**Problem:**
Your answer must repeat all of the entries word for word, without any images.

**The data:**
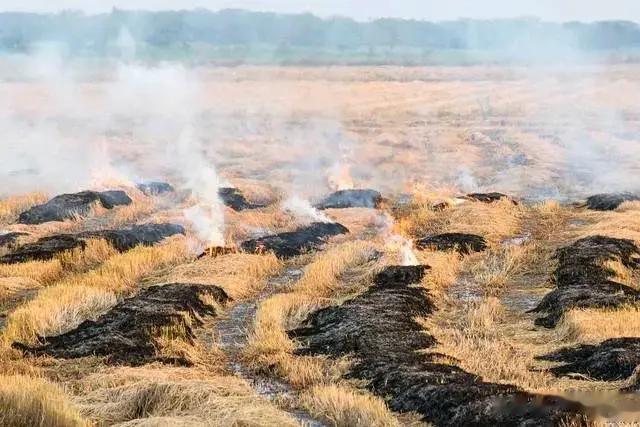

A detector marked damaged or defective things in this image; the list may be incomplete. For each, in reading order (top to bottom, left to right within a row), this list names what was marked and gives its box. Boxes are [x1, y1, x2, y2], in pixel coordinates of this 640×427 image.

burnt straw pile [17, 190, 131, 224]
burnt black mound [18, 190, 132, 224]
burnt black mound [216, 187, 264, 212]
burnt straw pile [216, 189, 264, 212]
burnt black mound [314, 191, 380, 211]
burnt straw pile [314, 191, 380, 211]
burnt black mound [584, 195, 640, 211]
burnt straw pile [584, 194, 640, 212]
burnt black mound [0, 232, 28, 249]
burnt straw pile [0, 224, 185, 264]
burnt black mound [0, 224, 185, 264]
burnt black mound [241, 222, 350, 260]
burnt straw pile [241, 222, 350, 260]
charred crop residue [241, 222, 350, 260]
burnt black mound [416, 234, 484, 254]
burnt straw pile [416, 232, 484, 256]
burnt straw pile [528, 236, 640, 330]
burnt black mound [528, 236, 640, 330]
charred crop residue [528, 236, 640, 330]
burnt black mound [13, 282, 230, 366]
burnt straw pile [13, 282, 230, 366]
charred crop residue [13, 284, 230, 368]
charred crop residue [292, 266, 588, 426]
burnt straw pile [290, 266, 592, 426]
burnt black mound [290, 266, 592, 426]
burnt black mound [536, 340, 640, 382]
burnt straw pile [536, 340, 640, 382]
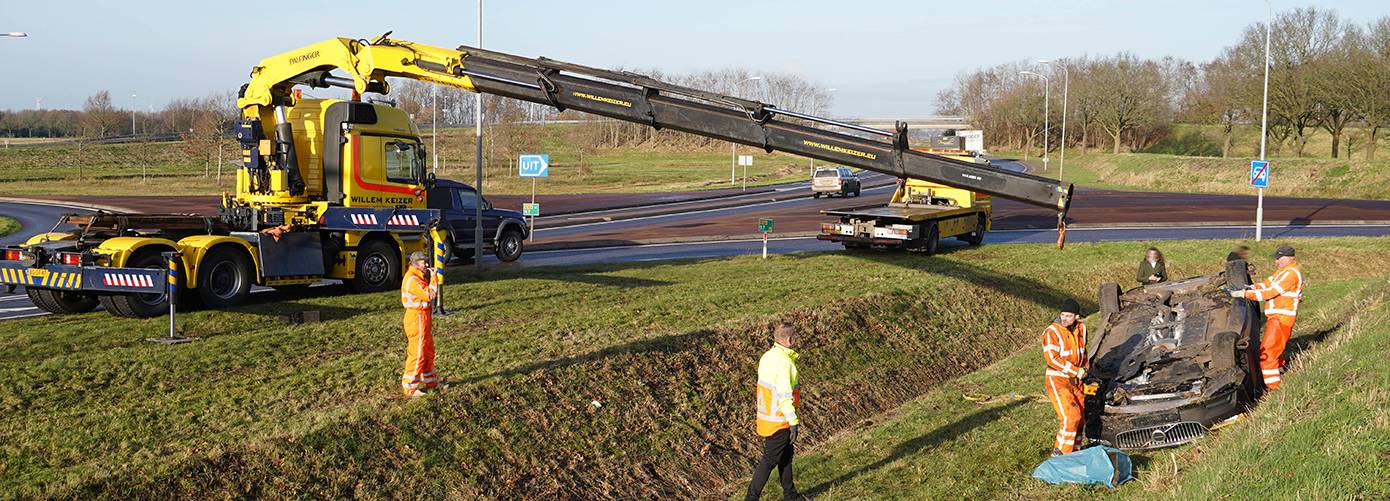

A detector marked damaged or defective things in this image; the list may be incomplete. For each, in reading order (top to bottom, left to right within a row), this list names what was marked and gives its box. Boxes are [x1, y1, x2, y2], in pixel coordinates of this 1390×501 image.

damaged vehicle [1080, 258, 1264, 450]
overturned black car [1088, 260, 1272, 448]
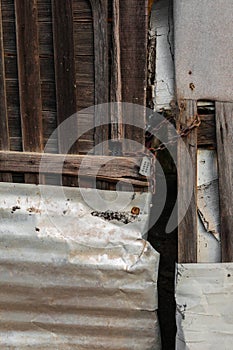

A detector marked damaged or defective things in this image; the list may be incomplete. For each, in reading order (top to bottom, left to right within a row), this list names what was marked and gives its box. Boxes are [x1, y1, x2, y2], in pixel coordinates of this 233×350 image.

rusty metal sheet [174, 0, 233, 102]
rusty metal sheet [0, 182, 160, 348]
rusty metal sheet [176, 264, 233, 348]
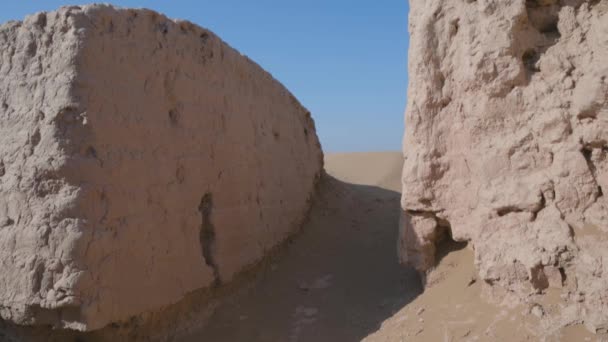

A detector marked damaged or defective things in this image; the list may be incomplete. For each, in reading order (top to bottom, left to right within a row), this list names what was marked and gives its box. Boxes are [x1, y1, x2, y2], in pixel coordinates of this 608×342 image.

vertical crack in wall [198, 192, 220, 286]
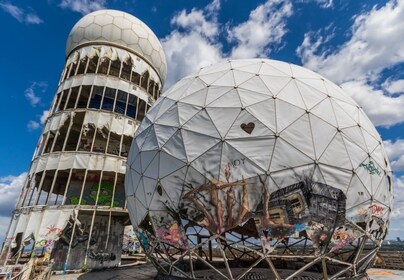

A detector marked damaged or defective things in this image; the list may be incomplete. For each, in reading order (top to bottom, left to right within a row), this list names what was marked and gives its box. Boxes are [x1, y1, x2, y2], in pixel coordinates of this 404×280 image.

broken window [65, 111, 85, 151]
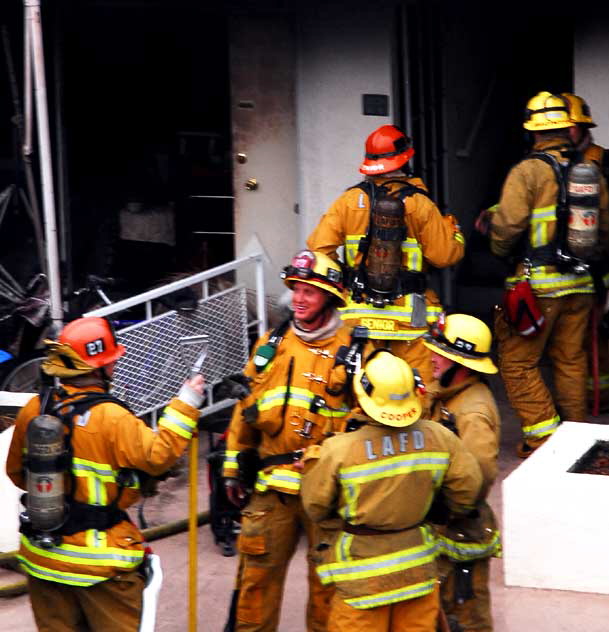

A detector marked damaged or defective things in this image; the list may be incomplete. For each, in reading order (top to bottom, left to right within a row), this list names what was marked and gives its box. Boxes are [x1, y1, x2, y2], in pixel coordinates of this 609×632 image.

charred doorway [60, 1, 230, 294]
charred doorway [396, 0, 572, 316]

**Exercise result:**
A detector marked damaged or defective things in this image; the list may be incomplete. For each, in reading order (top to bottom, left to right within a row), this list names what was marked and gives its box. Boxes are [x1, y1, x2, y2], in pixel coordinates of this 640×427 image.

burnt straw pile [17, 190, 131, 224]
burnt black mound [18, 190, 132, 224]
burnt black mound [216, 187, 264, 212]
burnt straw pile [216, 189, 264, 212]
burnt black mound [314, 191, 380, 211]
burnt straw pile [314, 191, 380, 211]
burnt black mound [584, 195, 640, 211]
burnt straw pile [584, 194, 640, 212]
burnt black mound [0, 232, 28, 249]
burnt straw pile [0, 224, 185, 264]
burnt black mound [0, 224, 185, 264]
burnt black mound [241, 222, 350, 260]
burnt straw pile [241, 222, 350, 260]
charred crop residue [241, 222, 350, 260]
burnt black mound [416, 234, 484, 254]
burnt straw pile [416, 232, 484, 256]
burnt straw pile [528, 236, 640, 330]
burnt black mound [528, 236, 640, 330]
charred crop residue [528, 236, 640, 330]
burnt black mound [13, 282, 230, 366]
burnt straw pile [13, 282, 230, 366]
charred crop residue [13, 284, 230, 368]
charred crop residue [292, 266, 588, 426]
burnt straw pile [290, 266, 592, 426]
burnt black mound [290, 266, 592, 426]
burnt black mound [536, 340, 640, 382]
burnt straw pile [536, 340, 640, 382]

A detector marked damaged or defective things in this image; the list may be incomplete. For each, in reading order (top to bottom, left to right within a row), this list names what was marked and gives its box. Boxes are [x1, y1, x2, y2], in pixel coordinates of this 1390×501 image.

damaged vehicle [1080, 258, 1264, 450]
overturned black car [1088, 260, 1272, 448]

A detector marked damaged or defective things in this image; the list may be incomplete. For each, in reading order (top to bottom, left to right within a row), this list names what was marked and gives its box. Boxes are [x1, y1, x2, y2], in pixel coordinates of this 233×350 image.

rusty metal sheet [174, 0, 233, 102]
rusty metal sheet [0, 182, 160, 348]
rusty metal sheet [176, 264, 233, 348]

A detector marked damaged or defective things in this image; the list may be incomplete. For each, in reading order (top to bottom, left to right within a row), this list names what was marked and gives its box. Boxes are [x1, y1, x2, y2], in pixel coordinates of this 608×342 image.

vertical crack in wall [198, 192, 220, 286]

A detector marked damaged or defective things in this image; the list may be incomplete. For each, in reading order (top to bottom, left to right within a row), this list names what was marked and gives its box. Boxes are [x1, y1, x2, y2], in pixel coordinates of this 404×280 image.

broken window [65, 111, 85, 151]

A detector marked damaged or defective things in this image; the list may be incomplete. For each, in reading order (top to bottom, left to right within a row), this list names what was marked and gives its box. Boxes are [x1, y1, x2, y2], in pixel coordinates of this 609×632 image.

charred doorway [60, 1, 230, 294]
charred doorway [396, 0, 572, 316]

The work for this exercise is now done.